The board-appointed psychologist's evaluation is damning. He states that, during the interview, petitioner paid "lip service" to, but did not "genuinely accept responsibility for," his criminal conduct. Instead, according to the psychologist, petitioner "seemed to minimize the seriousness of the offenses, tended to not report the essential ingredients or aspects of his criminal activities, and in general, attempted to portray himself in a positive light." The psychologist noted, in support of those characterizations, that petitioner, in explaining why he had killed the victim, omitted any reference to a financial incentive, instead stating that his mother had convinced him to kill the victim by telling him that the victim had sexually molested his sisters. When petitioner was asked at his interview before the board to explain that omission, he responded that the interview had been terminated before he had an opportunity to do so.

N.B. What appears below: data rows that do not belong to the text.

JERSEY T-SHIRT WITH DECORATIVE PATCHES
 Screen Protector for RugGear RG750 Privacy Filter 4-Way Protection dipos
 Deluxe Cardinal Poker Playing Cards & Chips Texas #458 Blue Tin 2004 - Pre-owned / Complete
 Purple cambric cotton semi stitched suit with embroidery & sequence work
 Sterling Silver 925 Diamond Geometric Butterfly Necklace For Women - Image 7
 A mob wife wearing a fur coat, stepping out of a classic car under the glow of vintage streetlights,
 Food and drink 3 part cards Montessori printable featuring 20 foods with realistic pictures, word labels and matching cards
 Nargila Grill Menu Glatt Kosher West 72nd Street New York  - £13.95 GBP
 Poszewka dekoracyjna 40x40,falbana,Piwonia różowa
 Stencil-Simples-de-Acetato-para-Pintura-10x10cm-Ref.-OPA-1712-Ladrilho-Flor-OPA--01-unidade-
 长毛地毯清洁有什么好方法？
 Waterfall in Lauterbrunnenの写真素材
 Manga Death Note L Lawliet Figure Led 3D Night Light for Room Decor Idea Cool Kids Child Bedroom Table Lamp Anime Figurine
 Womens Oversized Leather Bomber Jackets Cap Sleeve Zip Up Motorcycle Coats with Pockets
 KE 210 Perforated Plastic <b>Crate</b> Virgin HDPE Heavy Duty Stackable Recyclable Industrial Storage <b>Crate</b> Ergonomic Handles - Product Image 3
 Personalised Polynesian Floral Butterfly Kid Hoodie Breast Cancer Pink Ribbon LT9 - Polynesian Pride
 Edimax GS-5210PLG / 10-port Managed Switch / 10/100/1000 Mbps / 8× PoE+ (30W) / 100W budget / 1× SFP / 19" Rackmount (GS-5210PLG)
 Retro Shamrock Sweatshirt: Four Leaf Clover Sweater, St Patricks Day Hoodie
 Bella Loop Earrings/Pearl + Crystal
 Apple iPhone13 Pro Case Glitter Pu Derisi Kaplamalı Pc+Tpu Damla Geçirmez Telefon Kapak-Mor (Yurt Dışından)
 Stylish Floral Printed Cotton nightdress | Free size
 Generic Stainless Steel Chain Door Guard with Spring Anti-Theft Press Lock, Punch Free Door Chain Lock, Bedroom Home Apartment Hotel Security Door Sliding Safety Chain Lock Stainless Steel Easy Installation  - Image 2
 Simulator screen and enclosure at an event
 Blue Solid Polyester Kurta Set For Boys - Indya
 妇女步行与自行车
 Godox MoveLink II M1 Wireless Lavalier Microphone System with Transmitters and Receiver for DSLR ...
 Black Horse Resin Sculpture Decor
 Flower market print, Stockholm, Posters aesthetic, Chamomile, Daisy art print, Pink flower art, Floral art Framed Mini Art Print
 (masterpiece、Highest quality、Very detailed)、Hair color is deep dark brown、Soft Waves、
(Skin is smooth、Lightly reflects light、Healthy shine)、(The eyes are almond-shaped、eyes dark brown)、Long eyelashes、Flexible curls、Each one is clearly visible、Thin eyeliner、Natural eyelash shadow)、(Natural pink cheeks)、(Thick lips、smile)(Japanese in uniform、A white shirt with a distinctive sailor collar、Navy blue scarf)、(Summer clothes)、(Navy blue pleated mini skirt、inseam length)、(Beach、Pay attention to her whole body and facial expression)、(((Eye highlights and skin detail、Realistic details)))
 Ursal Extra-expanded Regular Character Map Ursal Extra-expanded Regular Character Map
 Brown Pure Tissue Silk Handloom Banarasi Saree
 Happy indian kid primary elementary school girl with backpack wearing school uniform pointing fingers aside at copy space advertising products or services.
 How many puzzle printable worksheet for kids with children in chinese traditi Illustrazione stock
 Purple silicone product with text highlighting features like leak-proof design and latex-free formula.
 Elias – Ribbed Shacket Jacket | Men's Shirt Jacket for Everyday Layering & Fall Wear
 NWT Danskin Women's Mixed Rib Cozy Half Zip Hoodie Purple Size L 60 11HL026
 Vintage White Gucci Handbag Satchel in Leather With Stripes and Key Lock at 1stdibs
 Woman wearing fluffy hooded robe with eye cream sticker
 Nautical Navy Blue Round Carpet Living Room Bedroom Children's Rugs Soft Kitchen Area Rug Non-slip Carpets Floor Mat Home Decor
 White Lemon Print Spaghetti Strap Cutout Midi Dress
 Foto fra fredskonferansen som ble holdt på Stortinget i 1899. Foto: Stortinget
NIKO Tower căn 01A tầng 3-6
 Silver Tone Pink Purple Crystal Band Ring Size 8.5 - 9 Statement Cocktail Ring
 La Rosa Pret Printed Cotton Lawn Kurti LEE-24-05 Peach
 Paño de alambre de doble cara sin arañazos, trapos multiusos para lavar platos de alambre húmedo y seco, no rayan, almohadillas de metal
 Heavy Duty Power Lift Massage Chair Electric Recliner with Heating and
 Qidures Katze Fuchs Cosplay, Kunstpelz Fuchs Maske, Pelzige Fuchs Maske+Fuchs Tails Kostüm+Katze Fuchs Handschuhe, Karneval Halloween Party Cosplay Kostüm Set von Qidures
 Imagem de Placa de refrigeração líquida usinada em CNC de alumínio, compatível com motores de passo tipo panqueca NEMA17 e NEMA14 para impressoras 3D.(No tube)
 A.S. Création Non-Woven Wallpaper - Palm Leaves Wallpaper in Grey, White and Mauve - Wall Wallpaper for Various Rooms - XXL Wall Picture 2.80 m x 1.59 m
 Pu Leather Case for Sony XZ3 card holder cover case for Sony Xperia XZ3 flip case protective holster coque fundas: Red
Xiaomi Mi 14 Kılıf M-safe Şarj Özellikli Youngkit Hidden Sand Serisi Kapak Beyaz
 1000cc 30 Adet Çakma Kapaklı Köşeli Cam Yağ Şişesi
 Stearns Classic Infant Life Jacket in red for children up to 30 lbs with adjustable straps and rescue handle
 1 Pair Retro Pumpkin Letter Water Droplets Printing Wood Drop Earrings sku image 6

In his "Summary and Conclusions," the board's psychologist stated that, although petitioner "has made a very positive adaptation within [OSP] and has participated in many appropriate treatment programs," he "has not changed his deep-seated or basic characterological issues which would result in him acting-out in the future." He noted that petitioner, in the past, had suffered from a "very serious drug addiction" and had been "unable to conform to probation and parole expectations when in the community." (In fact, petitioner's parole was revoked once in 1972 and his probation was revoked once in 1979; in the period between the murder of his stepfather and his current incarceration, he served one probationary sentence without revocation and was paroled three times without revocation.) The psychologist diagnosed petitioner with Antisocial Personality Disorder, stating that petitioner "appears to be an individual whom one could not trust": "In spite of his compliance with treatment programs within the institution and his pleasant and charming persona, beneath the surface he is an individual whom one should not trust at the present time." He suggested that petitioner had yet to take "personal, deep-seated, or accurate responsibility" for his criminal conduct, noting that petitioner "makes excuses and tends to blame others or circumstances in spite of his expressed and perhaps even ingenuous statements of remorse." He ultimately opined, "[T]he results of the present psychological evaluation indicate that [petitioner] is a significant threat to the safety of the community."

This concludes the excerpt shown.